§ Problem to solve
For this exercise, reproduce the entries below exactly, but only from the line containing "USB Wireless Adapter" through the line containing "- Benchmark Tooling", both included.

[Excerpts from a dataset]
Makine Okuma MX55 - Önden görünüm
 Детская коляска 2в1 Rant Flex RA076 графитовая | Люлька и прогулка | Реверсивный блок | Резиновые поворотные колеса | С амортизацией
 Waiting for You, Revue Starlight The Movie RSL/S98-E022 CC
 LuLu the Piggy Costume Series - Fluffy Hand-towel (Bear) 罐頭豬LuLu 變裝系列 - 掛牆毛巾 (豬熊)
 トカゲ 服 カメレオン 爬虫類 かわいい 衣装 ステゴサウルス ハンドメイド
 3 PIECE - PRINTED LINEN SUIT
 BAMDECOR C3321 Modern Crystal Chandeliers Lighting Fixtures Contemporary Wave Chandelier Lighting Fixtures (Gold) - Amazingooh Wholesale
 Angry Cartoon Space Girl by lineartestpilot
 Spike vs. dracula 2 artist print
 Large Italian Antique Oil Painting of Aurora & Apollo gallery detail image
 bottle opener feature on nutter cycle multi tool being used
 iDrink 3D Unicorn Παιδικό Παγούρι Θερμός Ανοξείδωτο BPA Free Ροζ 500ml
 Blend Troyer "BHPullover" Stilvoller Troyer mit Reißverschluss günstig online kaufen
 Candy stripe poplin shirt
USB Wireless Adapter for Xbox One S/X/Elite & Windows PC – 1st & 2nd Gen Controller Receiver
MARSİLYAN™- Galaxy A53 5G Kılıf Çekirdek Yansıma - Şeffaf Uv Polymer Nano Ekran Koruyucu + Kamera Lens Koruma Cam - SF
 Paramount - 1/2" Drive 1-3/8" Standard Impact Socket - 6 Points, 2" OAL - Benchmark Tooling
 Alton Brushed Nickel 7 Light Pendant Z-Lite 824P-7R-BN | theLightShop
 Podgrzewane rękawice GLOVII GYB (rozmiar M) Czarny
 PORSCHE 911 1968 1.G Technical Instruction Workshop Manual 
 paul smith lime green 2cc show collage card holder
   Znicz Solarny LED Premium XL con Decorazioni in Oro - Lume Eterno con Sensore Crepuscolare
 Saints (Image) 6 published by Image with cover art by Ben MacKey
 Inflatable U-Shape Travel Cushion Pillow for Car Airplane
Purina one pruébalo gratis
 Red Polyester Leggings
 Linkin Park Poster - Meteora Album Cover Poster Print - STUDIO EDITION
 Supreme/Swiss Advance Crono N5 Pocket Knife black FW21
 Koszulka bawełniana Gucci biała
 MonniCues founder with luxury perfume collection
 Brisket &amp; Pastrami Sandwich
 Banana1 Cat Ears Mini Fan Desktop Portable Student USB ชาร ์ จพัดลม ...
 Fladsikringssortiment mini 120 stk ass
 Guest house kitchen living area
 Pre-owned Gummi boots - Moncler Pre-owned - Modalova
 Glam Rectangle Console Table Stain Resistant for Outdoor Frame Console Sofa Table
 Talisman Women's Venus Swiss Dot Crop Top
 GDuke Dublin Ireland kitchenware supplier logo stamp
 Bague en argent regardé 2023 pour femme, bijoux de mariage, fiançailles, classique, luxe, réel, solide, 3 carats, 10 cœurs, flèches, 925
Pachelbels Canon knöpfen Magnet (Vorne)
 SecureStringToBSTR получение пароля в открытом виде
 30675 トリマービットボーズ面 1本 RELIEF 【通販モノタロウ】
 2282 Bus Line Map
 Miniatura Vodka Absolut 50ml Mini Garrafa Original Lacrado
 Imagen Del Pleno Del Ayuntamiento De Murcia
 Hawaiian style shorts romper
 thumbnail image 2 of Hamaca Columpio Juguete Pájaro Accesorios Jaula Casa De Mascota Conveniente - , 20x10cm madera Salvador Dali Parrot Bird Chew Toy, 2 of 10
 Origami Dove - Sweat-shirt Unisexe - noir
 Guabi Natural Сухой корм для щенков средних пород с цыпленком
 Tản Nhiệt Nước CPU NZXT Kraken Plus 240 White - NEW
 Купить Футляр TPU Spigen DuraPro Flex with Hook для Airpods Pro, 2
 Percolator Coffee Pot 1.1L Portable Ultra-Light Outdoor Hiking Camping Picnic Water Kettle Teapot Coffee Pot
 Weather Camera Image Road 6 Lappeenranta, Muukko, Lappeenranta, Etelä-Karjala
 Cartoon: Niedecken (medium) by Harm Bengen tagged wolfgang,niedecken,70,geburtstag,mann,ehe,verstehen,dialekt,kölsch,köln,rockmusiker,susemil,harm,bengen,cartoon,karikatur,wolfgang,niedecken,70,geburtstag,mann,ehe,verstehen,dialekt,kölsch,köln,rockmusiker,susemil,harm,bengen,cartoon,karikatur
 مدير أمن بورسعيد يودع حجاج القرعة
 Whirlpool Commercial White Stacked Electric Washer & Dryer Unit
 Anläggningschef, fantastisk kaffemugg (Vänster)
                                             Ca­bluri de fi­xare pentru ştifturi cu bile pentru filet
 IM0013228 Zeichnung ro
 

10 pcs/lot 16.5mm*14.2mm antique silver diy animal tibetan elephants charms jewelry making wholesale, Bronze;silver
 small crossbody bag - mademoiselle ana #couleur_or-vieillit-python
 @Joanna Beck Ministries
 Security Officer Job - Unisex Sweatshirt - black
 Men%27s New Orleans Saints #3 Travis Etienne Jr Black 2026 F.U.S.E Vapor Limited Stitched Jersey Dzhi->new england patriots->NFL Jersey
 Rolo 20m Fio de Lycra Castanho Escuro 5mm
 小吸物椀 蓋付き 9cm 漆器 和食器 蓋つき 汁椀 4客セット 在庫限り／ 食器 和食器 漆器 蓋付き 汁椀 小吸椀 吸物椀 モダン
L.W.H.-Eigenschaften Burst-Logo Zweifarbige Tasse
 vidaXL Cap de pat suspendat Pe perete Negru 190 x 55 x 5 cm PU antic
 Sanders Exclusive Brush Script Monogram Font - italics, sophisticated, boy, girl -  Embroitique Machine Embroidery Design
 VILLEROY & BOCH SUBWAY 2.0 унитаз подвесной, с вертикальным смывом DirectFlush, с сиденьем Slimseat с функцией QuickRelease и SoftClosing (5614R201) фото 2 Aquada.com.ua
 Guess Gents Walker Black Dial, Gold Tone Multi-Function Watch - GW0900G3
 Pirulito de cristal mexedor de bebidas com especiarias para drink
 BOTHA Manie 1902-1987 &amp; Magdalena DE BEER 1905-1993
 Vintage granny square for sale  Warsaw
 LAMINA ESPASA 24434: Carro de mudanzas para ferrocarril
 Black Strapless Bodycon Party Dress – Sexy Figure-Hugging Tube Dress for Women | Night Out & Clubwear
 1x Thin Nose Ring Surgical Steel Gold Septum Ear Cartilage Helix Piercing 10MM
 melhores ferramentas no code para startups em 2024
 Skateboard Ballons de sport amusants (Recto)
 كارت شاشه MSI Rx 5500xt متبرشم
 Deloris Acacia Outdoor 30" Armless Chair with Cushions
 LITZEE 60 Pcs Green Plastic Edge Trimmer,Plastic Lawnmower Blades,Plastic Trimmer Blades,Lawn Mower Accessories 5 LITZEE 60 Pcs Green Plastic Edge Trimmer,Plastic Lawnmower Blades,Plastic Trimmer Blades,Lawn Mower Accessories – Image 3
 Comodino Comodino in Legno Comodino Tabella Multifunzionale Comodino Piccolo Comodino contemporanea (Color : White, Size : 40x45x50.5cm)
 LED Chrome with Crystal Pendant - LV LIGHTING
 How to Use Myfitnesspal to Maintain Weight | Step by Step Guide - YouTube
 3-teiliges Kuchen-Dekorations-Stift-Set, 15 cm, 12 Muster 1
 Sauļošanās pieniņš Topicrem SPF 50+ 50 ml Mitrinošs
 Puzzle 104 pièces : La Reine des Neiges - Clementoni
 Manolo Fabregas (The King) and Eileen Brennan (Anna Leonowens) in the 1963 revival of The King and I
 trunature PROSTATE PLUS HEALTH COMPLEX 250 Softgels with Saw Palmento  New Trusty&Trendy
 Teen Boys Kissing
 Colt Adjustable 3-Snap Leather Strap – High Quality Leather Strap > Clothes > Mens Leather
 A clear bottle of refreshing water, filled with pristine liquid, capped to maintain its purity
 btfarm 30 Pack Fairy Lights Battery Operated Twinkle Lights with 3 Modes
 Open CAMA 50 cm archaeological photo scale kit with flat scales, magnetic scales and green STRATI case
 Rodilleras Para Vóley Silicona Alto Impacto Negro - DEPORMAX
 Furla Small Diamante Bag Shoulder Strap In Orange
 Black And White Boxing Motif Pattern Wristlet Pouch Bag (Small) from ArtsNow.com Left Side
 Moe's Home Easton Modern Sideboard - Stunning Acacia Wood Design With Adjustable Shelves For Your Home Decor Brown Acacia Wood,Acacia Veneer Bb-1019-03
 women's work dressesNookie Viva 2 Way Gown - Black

§ Solution for this exercise
USB Wireless Adapter for Xbox One S/X/Elite & Windows PC – 1st & 2nd Gen Controller Receiver
MARSİLYAN™- Galaxy A53 5G Kılıf Çekirdek Yansıma - Şeffaf Uv Polymer Nano Ekran Koruyucu + Kamera Lens Koruma Cam - SF
 Paramount - 1/2" Drive 1-3/8" Standard Impact Socket - 6 Points, 2" OAL - Benchmark Tooling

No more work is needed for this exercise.